[Given information Boundary: Start]

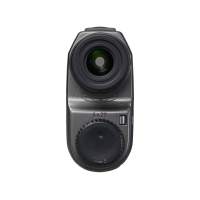 Télémètre Nikon Coolshot 20i GIII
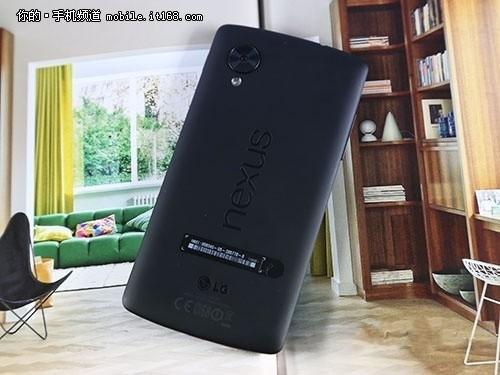 Google Nexus流畅体验，探索速度与性能的极致融合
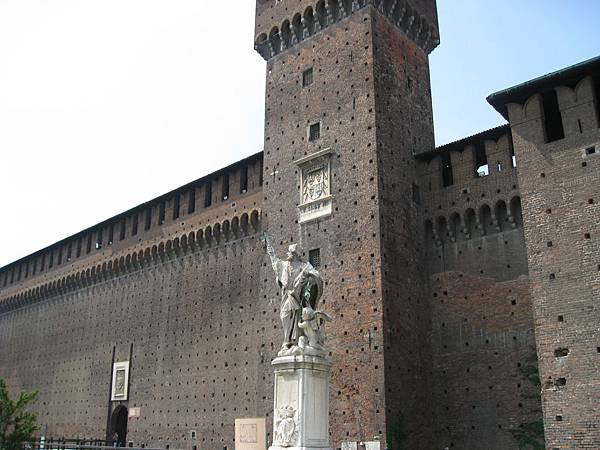 IMG_1227.JPG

[Given information Boundary: End]

Brief:
The pictures stay out; copy the rest of the data word for word.

Your response:
 Télémètre Nikon Coolshot 20i GIII
 Google Nexus流畅体验，探索速度与性能的极致融合
 IMG_1227.JPG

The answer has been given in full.